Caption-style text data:

= = = = = = =

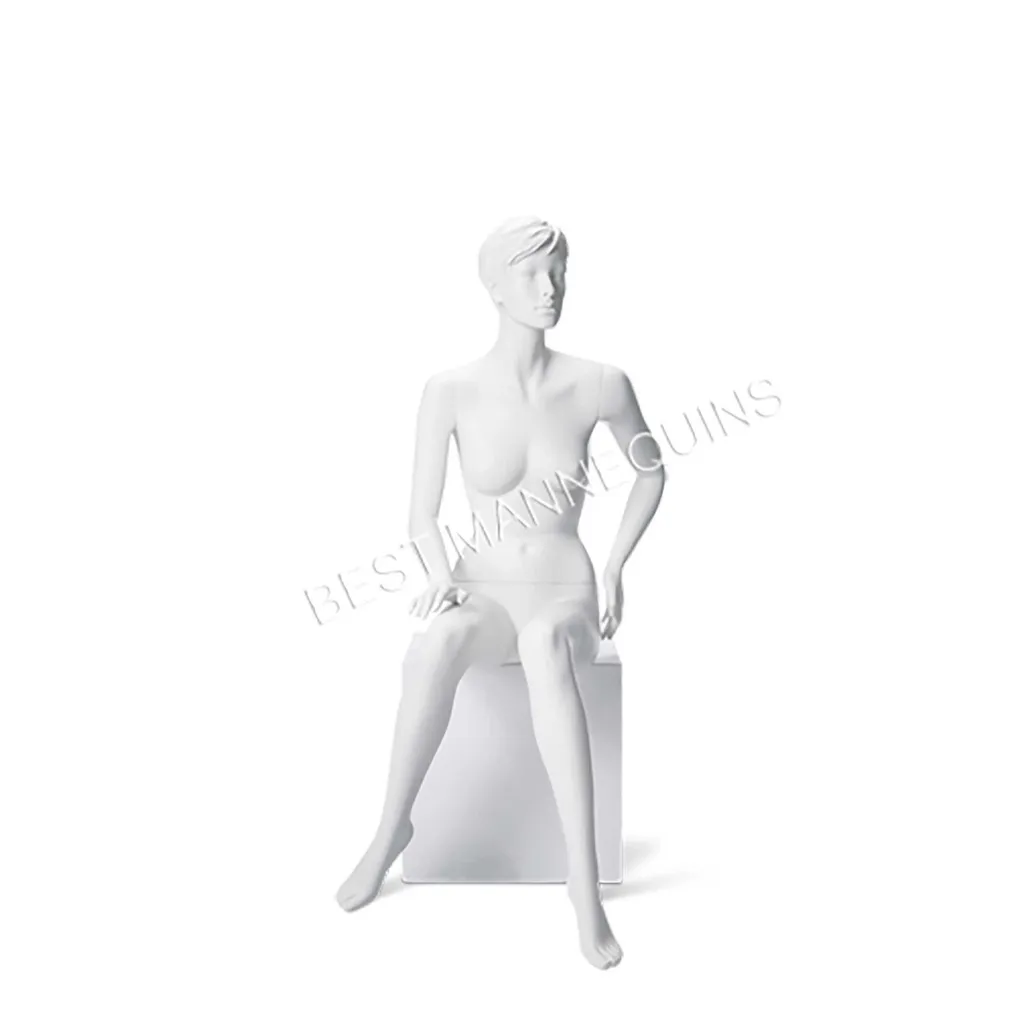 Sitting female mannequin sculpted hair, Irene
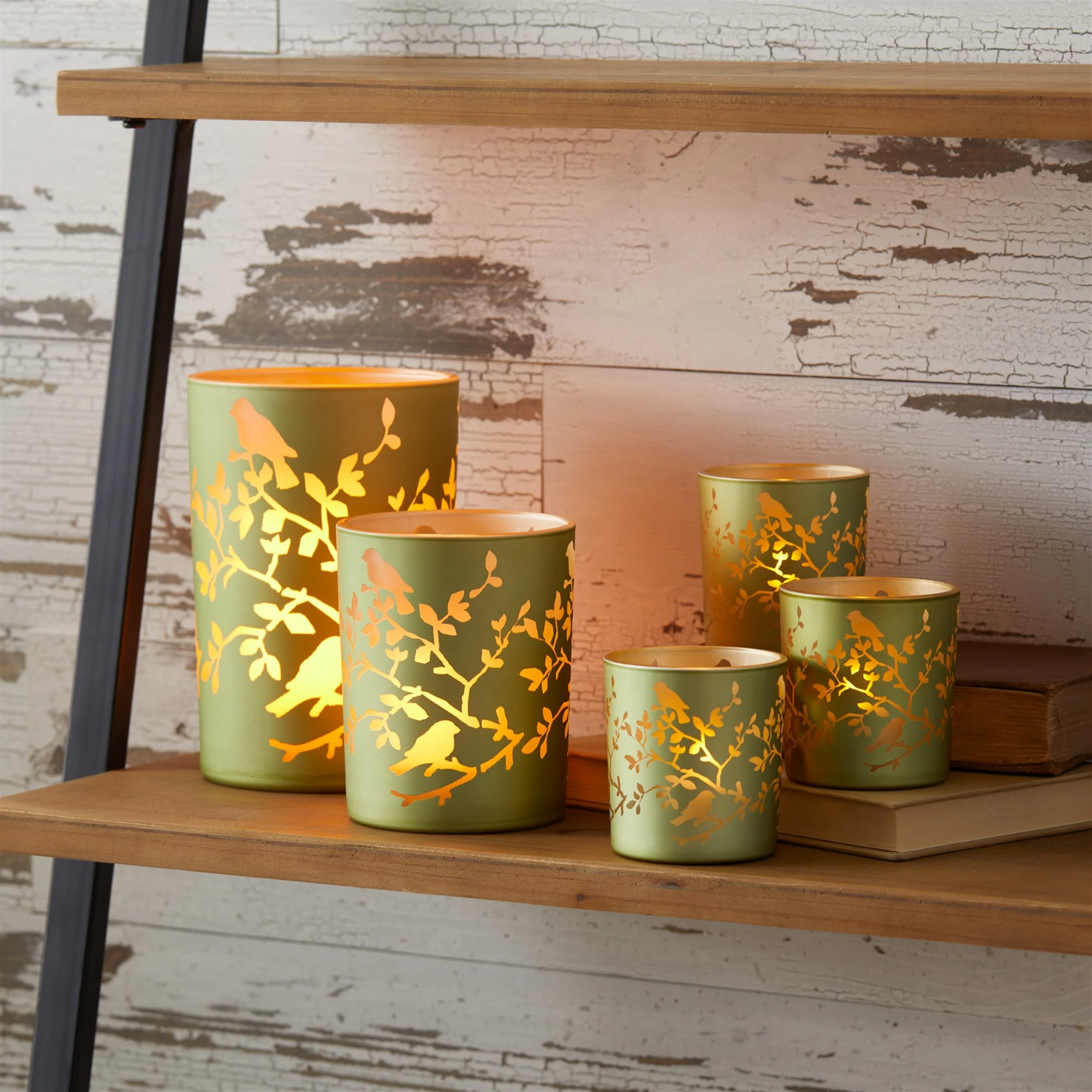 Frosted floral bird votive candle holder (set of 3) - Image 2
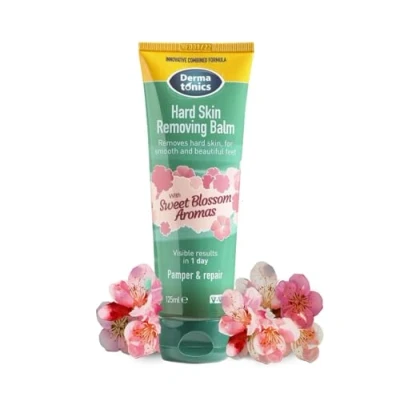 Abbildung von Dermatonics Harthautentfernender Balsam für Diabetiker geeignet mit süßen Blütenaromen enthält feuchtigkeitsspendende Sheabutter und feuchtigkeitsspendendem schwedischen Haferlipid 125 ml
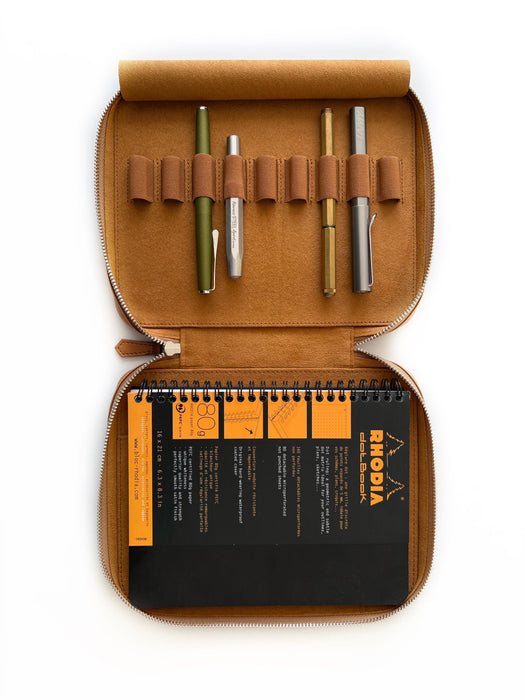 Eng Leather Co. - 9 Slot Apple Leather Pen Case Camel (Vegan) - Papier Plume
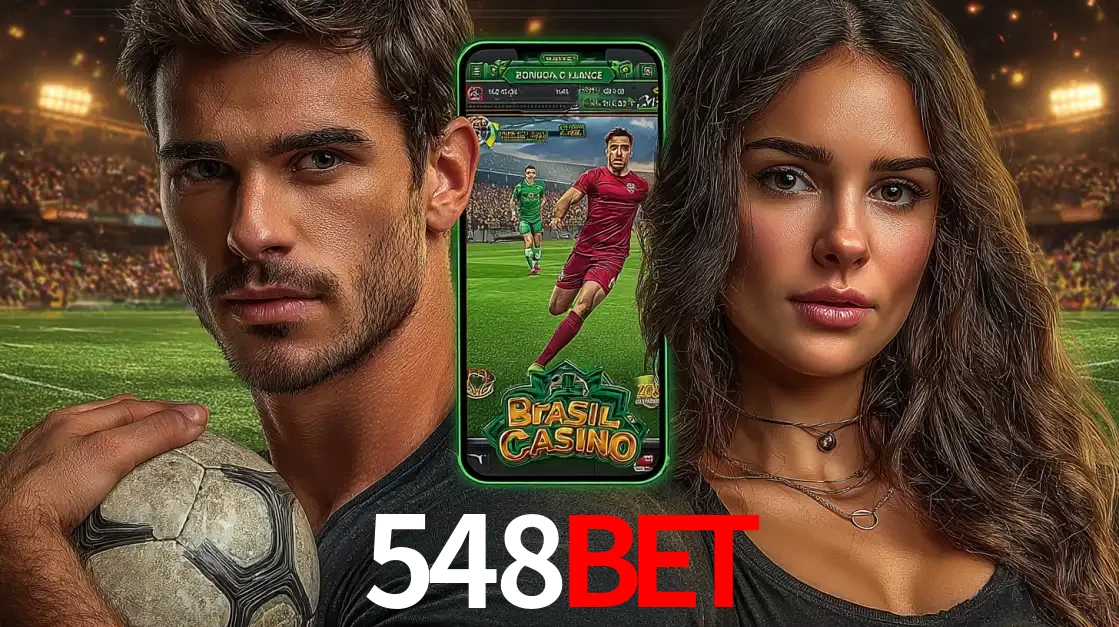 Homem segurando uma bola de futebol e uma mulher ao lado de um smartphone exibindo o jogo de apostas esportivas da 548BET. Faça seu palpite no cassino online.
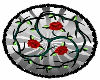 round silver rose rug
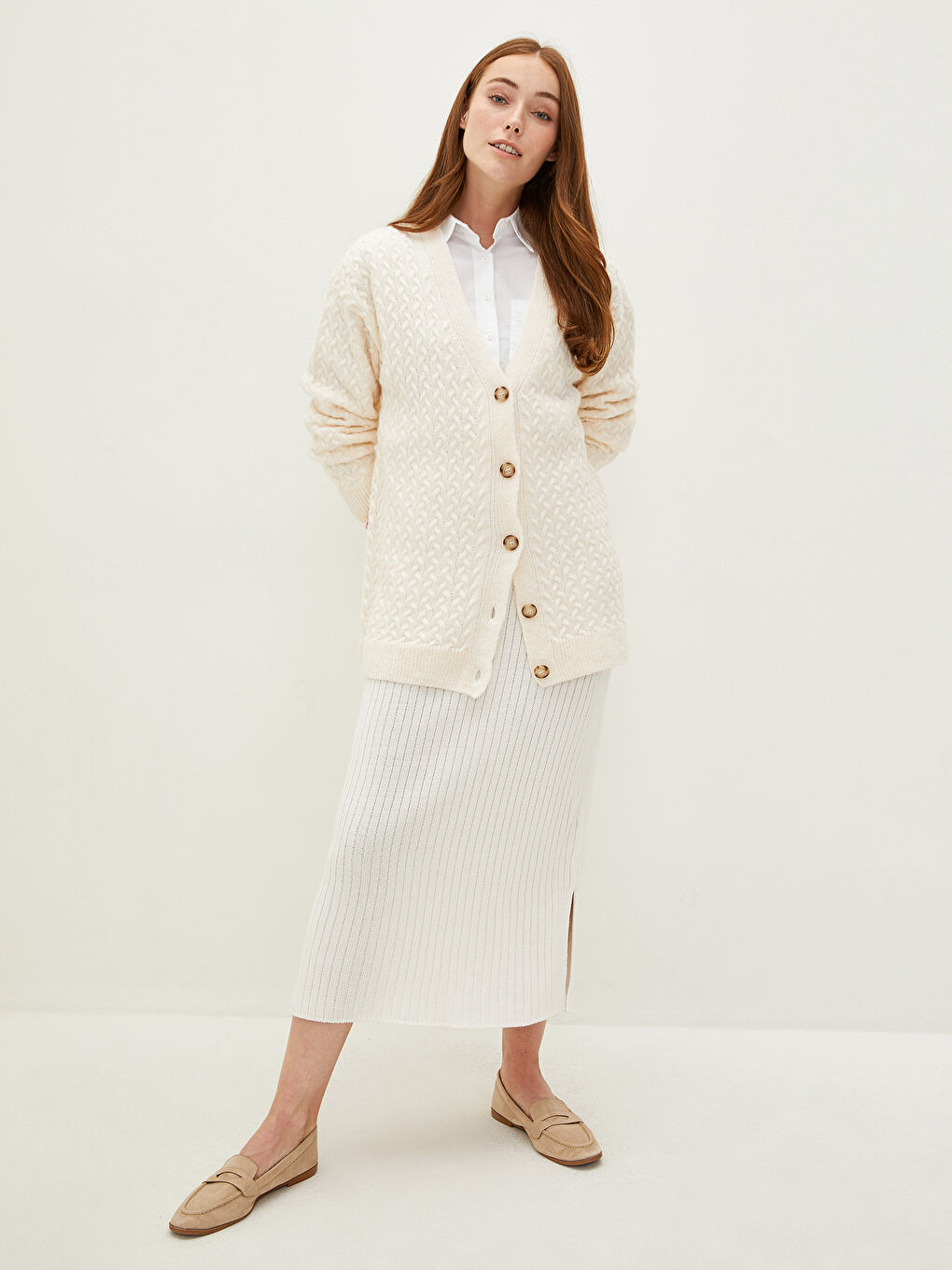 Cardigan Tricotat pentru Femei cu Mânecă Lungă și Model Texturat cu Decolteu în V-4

= = = = = = =

An exact copy is needed of the entries above, starting at the line that holds "Homem segurando uma" and stopping at the line that holds "round silver rose rug", both kept; pictures stay out.

Answer below:
 Homem segurando uma bola de futebol e uma mulher ao lado de um smartphone exibindo o jogo de apostas esportivas da 548BET. Faça seu palpite no cassino online.
 round silver rose rug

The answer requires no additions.